Sequestro da 300 mila euro a Francesco Laganà, cassiere del clan di Mangialupi a Messina coinvolto nell'operazione Dominio

Ammonta a 300 mila euro il valore dei beni sequestrati a Francesco Laganà, considerato il cassiere del potente clan mafioso del rione Mangialupi. Coinvolto nell‘operazione Dominio e poi processato, è considerato organico al gruppo dal 2013 ed avrebbe mantenuto inalterati i suoi rapporti criminali per lungo tempo.

I controlli economico-patrimoniali, estesi a tutto il nucleo familiare, hanno evidenziato la disponibilità di beni in misura sproporzionata rispetto ai redditi dichiarati, oltre alla provenienza di parte degli stessi quale provento e reimpiego dei delitti contestati nei diversi gradi di giudizio. I beni sequestrati sono una unità immobiliare a Messina, un’auto, conti correnti e libretti di deposito a risparmio.

Formalmente assunto, prima nel distributore di carburante intestato alla moglie del capo clan e, poi, nel tabaccaio riferibile alla famiglia mafiosa, l’esponente mafioso era preposto al delicatissimo ruolo di cassiere, con disponibilità delle chiavi del locale dove le risorse in contanti erano custodite.

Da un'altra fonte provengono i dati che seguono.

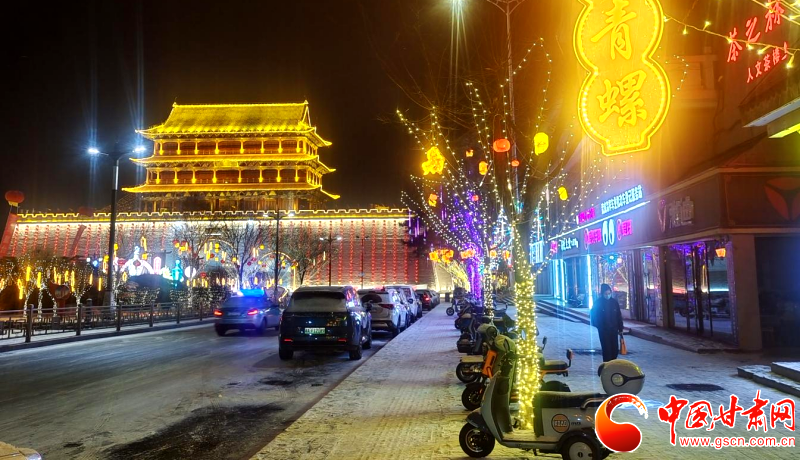 【新春走基層】飛雪似玉！初春的武威雪夜美輪美奐 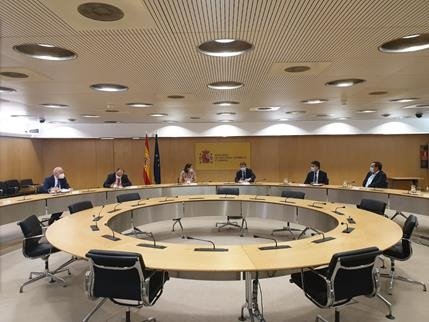 La ministra de Industria, Comercio y Turismo, Reyes Maroto, y el ministro de Agricultura, Pesca y Alimentación, Luis Planas, se han reunido con representantes de la cadena agroalimentaria para informar sobre las negociaciones con EEUU por los aanceles | MINISTERIO DE AGRICULTURA ep la ministra de industria comercio y turismo reyes maroto y el ministro de agricultura pesca y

Il cassiere, oltre a essere il tenutario del “libro di cassa” contenente le indicazioni dei proventi del gioco d’azzardo e delle estorsioni, è stato custode delle somme di denaro contante per conto del clan. Basti pensare che militari sequestrarono, nel corso delle indagini, oltre 140 mila euro in un locale di cui aveva la disponibilità di accesso e ne custodiva le chiavi.

Il ‘cassiere’, poi, oltre a mantenere i contatti con il commercialista, al posto dei rappresentanti legali (teste di legno) delle attività commerciali del clan, era presente sempre in occasione di controlli e sequestri di macchinette videopoker illegali controllate dal sodalizio e posizionate nei vari locali situati a Messina. In particolare, nel 2014, in occasione di un controllo della finanza, fu incaricato dal capo clan di far scomparire “tutti i documenti dall’ufficio”.